A Science Museum Group (SMG) trustee chose not to seek a second term after being asked to declare support for the government’s position on contested heritage.
Science author and historian Sarah Dry withdrew from reappointment to the board in March, telling chairman Mary Archer that she would not seek a second term as a result of new guidance from the UK Government asking incoming and reappointed trustees to “individually and explicitly express their support” for its retain and explain policy.
The policy seeks to prevent cultural institutions and councils from moving or removing contentious heritage assets in the public realm.
“Any requirement which seeks to constrain the independent curatorial and interpretive work of national museums violates the long-established principle of arm’s length bodies,” Dry said in a letter obtained by Museums Journal. “Today it is contested heritage. Tomorrow it may be another issue.”
Dry said the requirement undermines several of the principles that public office holders are expected to uphold, including integrity and objectivity. Allowing the government to dictate specific policies “betray[s] the trust of the public we are designated to serve”, she said, warning that it risked damaging the SMG’s reputation as a source of trustworthy information.
“It also seriously limits our credibility internationally as representatives of the democratic values of transparency, independence and freedom,” she said.
The news follows reports that Royal Museums Greenwich chair Charles Dunstone resigned after the government blocked the reappointment of a trustee at the institution.
Dry told Museums Journal: “I made my decision with regret as I am extremely committed to the mission of all the museums in the Science Museum Group.
“However, I knew that I could no longer be an effective trustee if I signed up to support the government’s policy on contested heritage.”
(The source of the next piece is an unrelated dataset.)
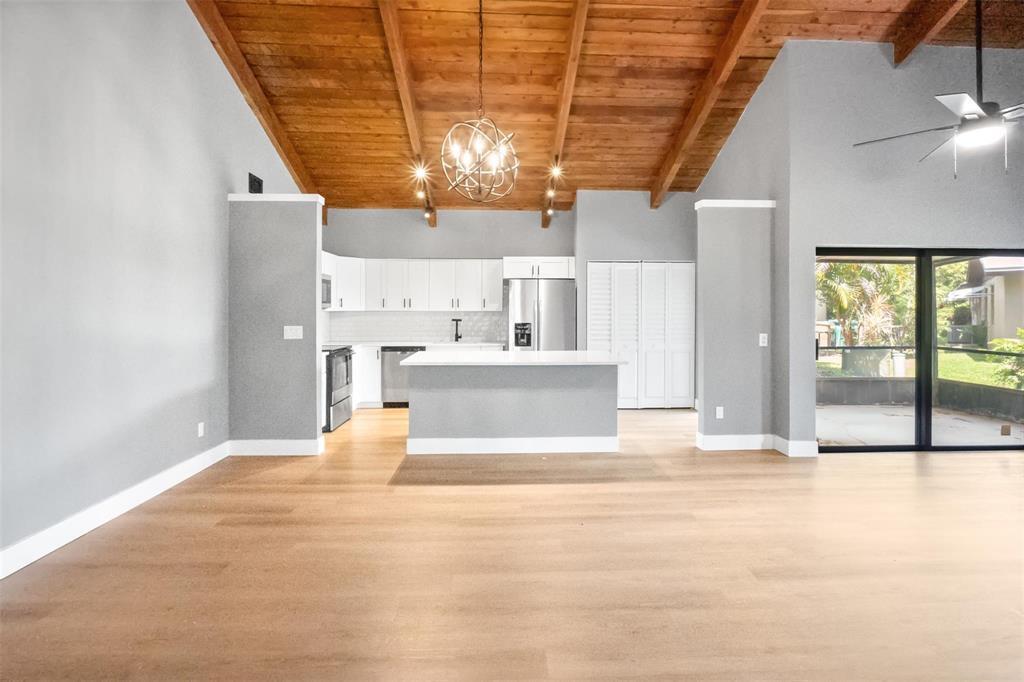 A kitchen with white cabinets and a center island sits under a wood-beamed ceiling — 2146 Nova Village Drive, Davie FL 33317, DAVIE, FL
There is growing unease in the museum sector over what is seen as an attempt to purge boards of individuals whose views do not align with those of the government. Concerns have also been raised about interference in public bodies in other industries.
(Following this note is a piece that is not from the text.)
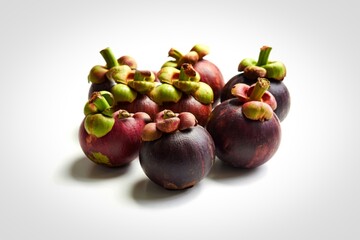 A cluster of fresh purple mangosteen fruits on a white background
Museums Journal understands that the requirement to express support for “retain and explain” is viewed by some in the sector as a loyalty test intended to flush out people with dissenting views.
In a statement to the Financial Times, Archer described Dry as a “valued and conscientious trustee” and said she was sorry she had decided not to seek a second term.
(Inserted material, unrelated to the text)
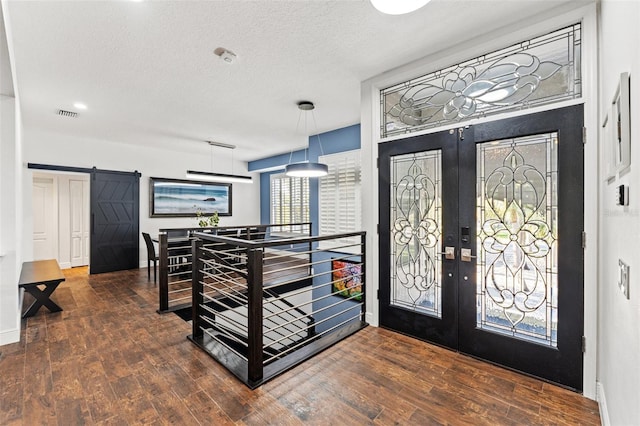 foyer featuring a textured ceiling, wood finished floors, a barn door, french doors, and baseboards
A Department for Digital, Culture, Media and Sport spokesman said: “All reappointments are considered in line with the government code for public appointments. There is no automatic presumption of reappointment, and indeed in the vast majority of cases, fresh talent is added with new appointments made.”
Guidance for trustees on public bodies states they should “act to deliver the outcomes expected by sponsor departments, ministers, and ultimately, the public”.